Scraped caption text data
▶

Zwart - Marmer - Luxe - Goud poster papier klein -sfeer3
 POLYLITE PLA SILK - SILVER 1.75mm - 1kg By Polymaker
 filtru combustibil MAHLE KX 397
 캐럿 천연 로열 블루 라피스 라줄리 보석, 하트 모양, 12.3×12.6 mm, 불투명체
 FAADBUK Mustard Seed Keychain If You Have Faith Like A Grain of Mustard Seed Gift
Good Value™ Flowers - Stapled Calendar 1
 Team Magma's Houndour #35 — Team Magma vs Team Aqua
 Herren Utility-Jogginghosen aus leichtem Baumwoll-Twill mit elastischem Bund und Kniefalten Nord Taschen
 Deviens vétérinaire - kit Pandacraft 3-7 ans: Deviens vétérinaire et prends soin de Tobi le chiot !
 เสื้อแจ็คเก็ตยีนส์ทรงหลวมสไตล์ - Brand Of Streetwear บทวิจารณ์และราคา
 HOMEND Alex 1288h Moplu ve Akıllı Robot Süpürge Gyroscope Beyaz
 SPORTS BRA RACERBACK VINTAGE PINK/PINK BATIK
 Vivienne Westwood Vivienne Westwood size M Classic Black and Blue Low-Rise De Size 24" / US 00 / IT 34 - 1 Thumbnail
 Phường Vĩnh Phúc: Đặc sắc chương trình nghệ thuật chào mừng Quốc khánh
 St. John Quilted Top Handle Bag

◀

What you are asked to do – Extract every line from the one containing "Vivienne Westwood Vivienne" to the end of the entries, including both of those lines, exactly as given and with nothing added.

Task result –
 Vivienne Westwood Vivienne Westwood size M Classic Black and Blue Low-Rise De Size 24" / US 00 / IT 34 - 1 Thumbnail
 Phường Vĩnh Phúc: Đặc sắc chương trình nghệ thuật chào mừng Quốc khánh
 St. John Quilted Top Handle Bag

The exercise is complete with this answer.